The year is for most societies computed on a lunar calendar; since this does not precisely match the movement of the earth around the sun many resort to irregular months, extra days every few years, or a system whereby some days simply 'fall off' the calendar and are not reckoned as real time. Since the moon is usually the basis of the year, most societies celebrate the New Year at one of the equinoxes or solstices or the new moon nearest an equinox. Later societies allocated fixed calendar dates for the New Year; medieval Europe celebrated Annunciation Day 25 March as New Year until the Gregorian calendar's introduction in 1852.
The most characteristic features of New Year celebrations around the world, which in their details are as diverse as the peoples celebrating, are license and feasting. Often special foods are prepared, as in Japan where cakes are offered to the sun and moon and a purifying rice gruel is eaten to mark the end of the seven days of festivities. To eat well at the beginning of the year, no matter how meager the fare has been until then, is a charm to ensure that the coming year will bring food in plenty. The representation of the Old Year as a hoary wizened man, overtaken by the cherubic New Year in Western Lore is a reminder of the roots of the festival, the dichotomy of death and rebirth that recalls ancient ritual king-slaying as a means of restoring vigor to the cosmos and society.

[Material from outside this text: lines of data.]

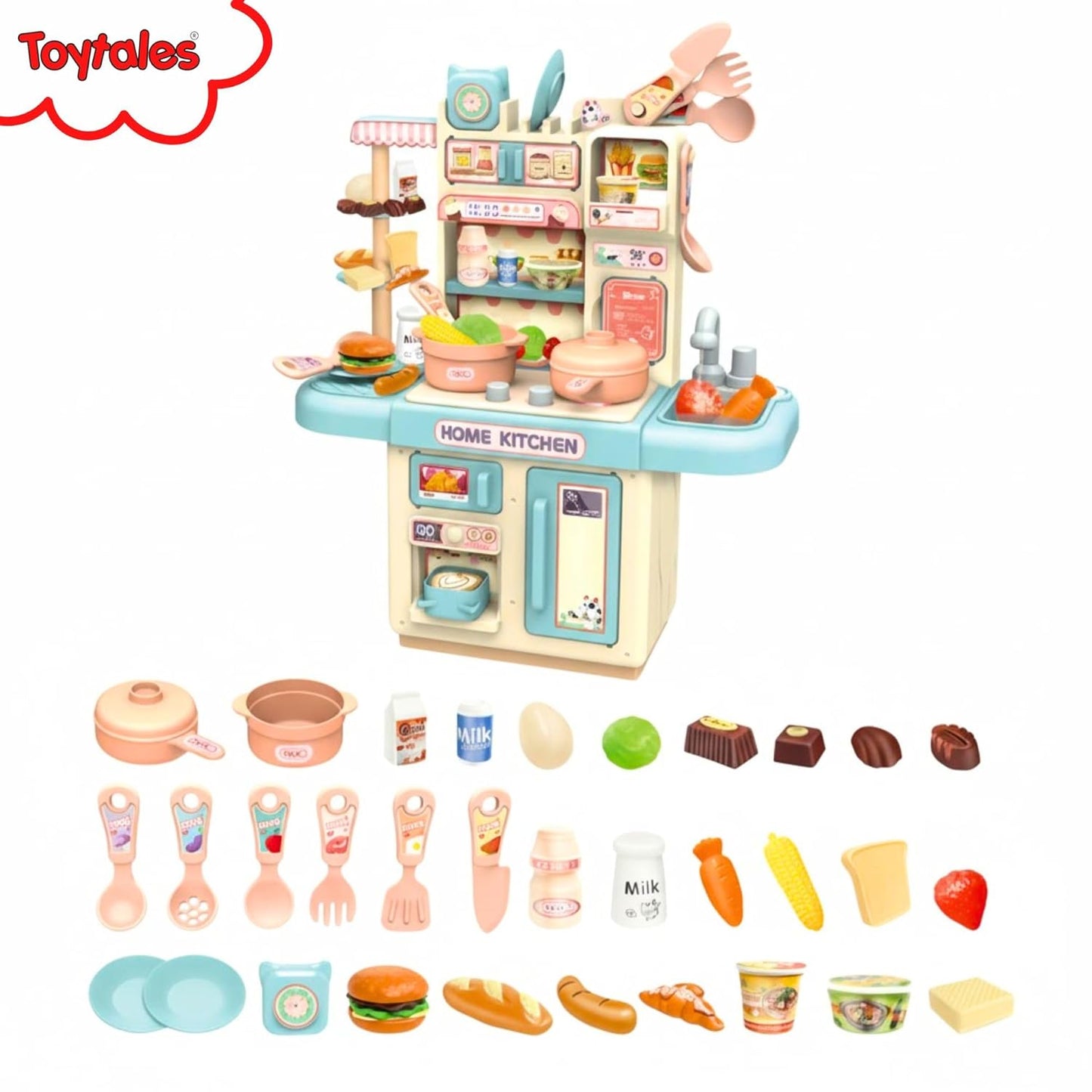 Home Kitchen Set Interactive Cooking Pretend Play Set for Kids-Realistic Water Sink and steam -Random Color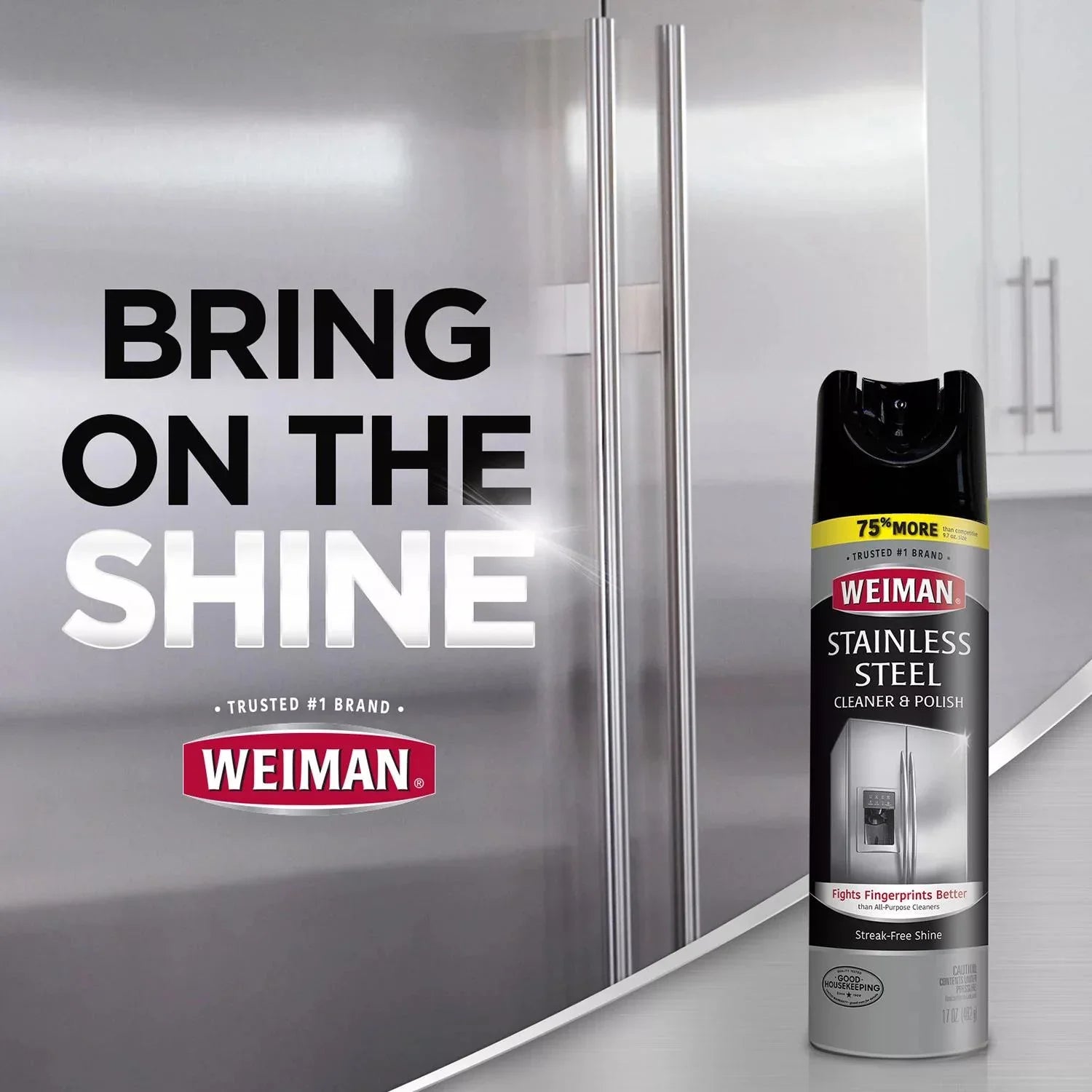Weiman Stainless Steel Cleaner & Polish Spray (3-Pack, 17oz Ea) – Streak-Free Shine, Fingerprint Resistant, Protects Appliances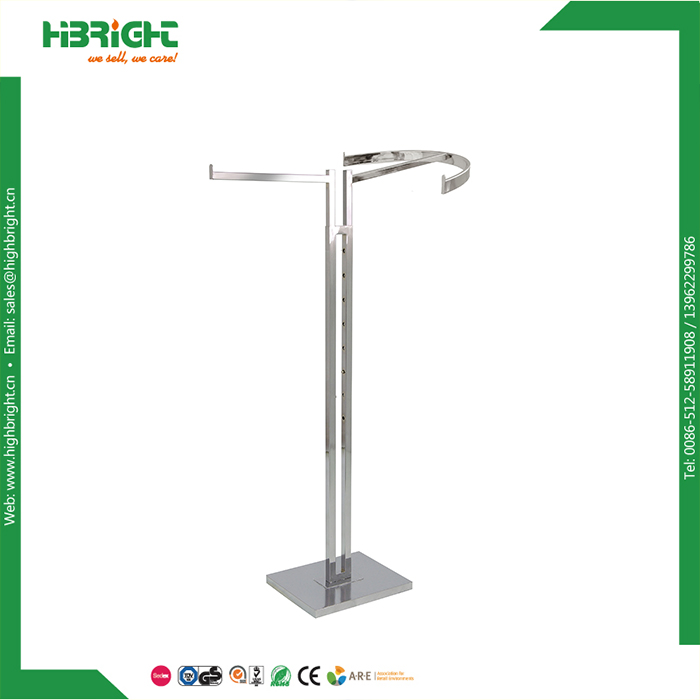 2 Way Straight and Slanted Arms Cloth Hanger Rack Clothes Display Rack Metal Retail Boutique Garment Clothing Display Rack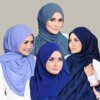 Hijab foulard musulmane pour femme, hijabs longue de couleur unie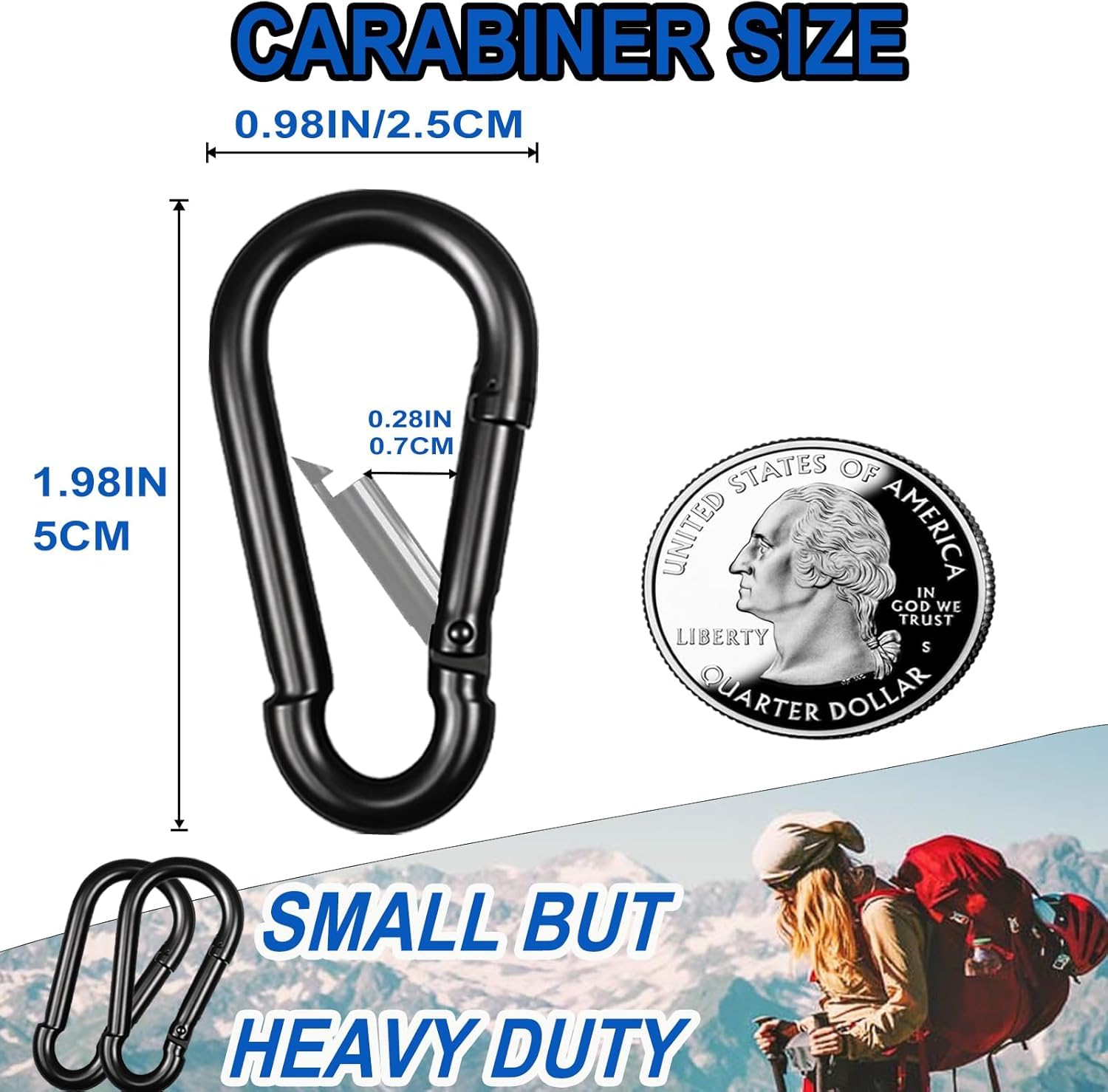Lot de 100 mousquetons noirs M5 de 1,9 cm, petits mousquetons à maillons rapides, boucle à ressort de 5,1 cm pour la pêche, le camping, le hamac, les laisses de chien, capacité de charge de 100 kg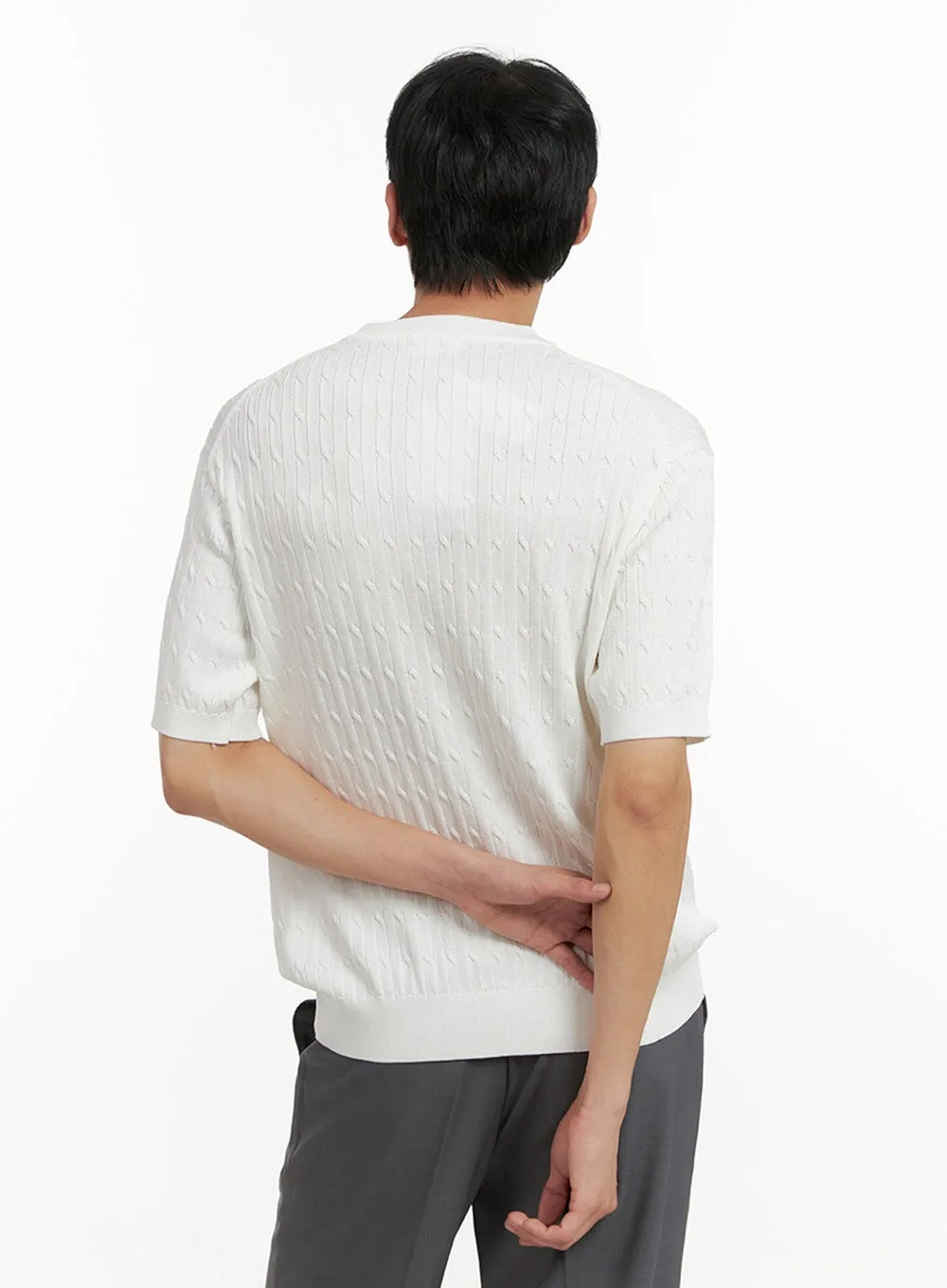 Men's Cozy Cable Knit Sweater T-Shirt IL403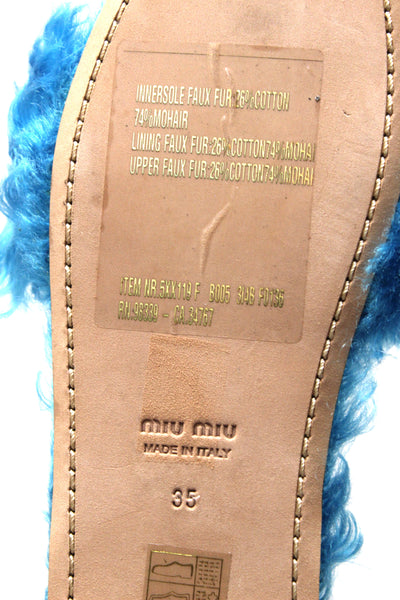 Miu Miu Teal Turquoise Blue Sherling Fur Rhinestones Flat Sandals Shoes Size 35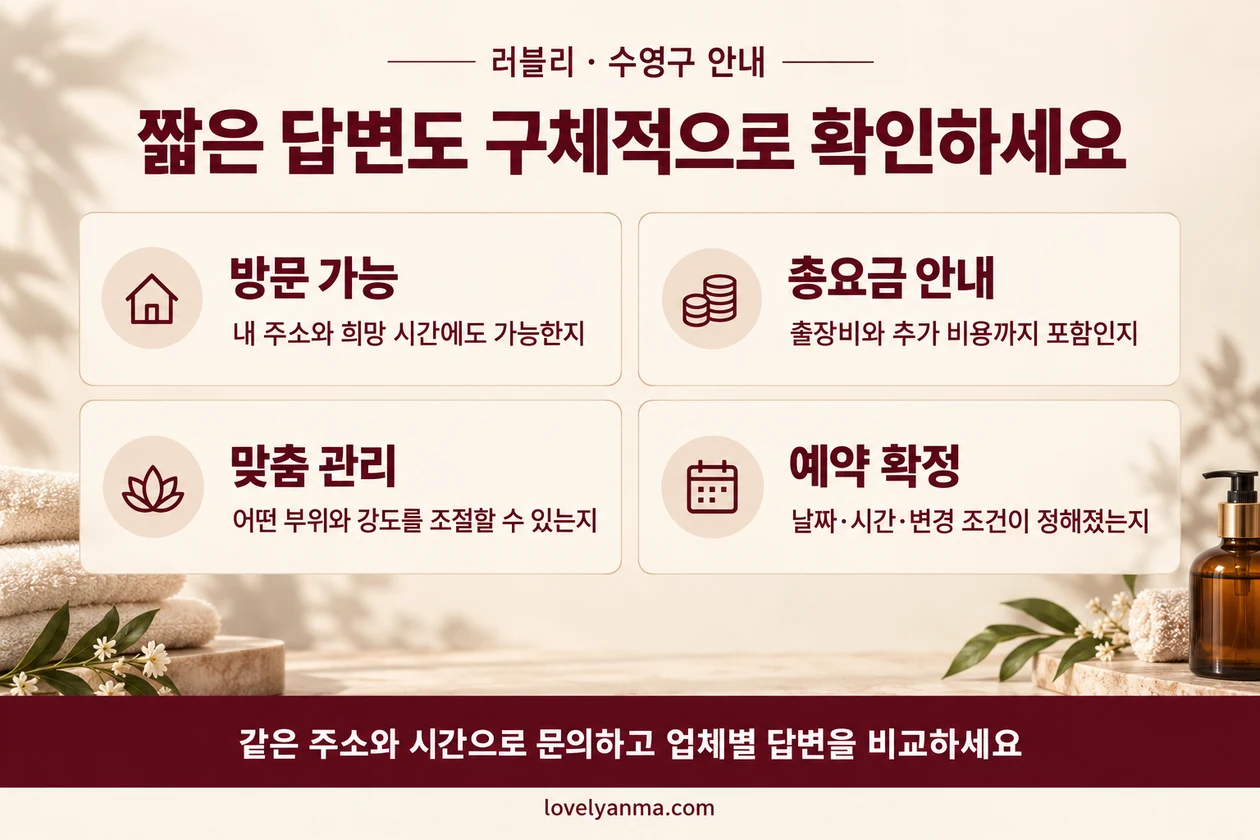 방문 가능 여부, 총요금 포함 범위, 관리 부위·강도와 예약 확정 조건 비교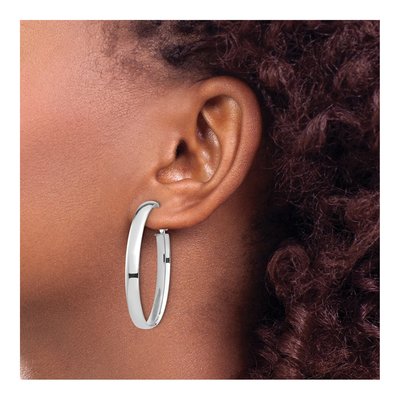 14K White Gold Oval Omega Back Tube Hoop Earrings – view 4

If you are unhappy with the results of today's celebration, don't fret, the Chinese New Year is celebrated during the first full moon of the year which isn't until this Sunday (Jan 4th) at 10:54pm. The Chinese observe the Feast of Lanterns by hanging colourful and highly decorated lanterns from houses and graves with street celebrations and firework. We Pagans get to run around nude, although for me it is a private affair I do on my patio.
So, enjoy your New Year Day, mine isn't until Sunday.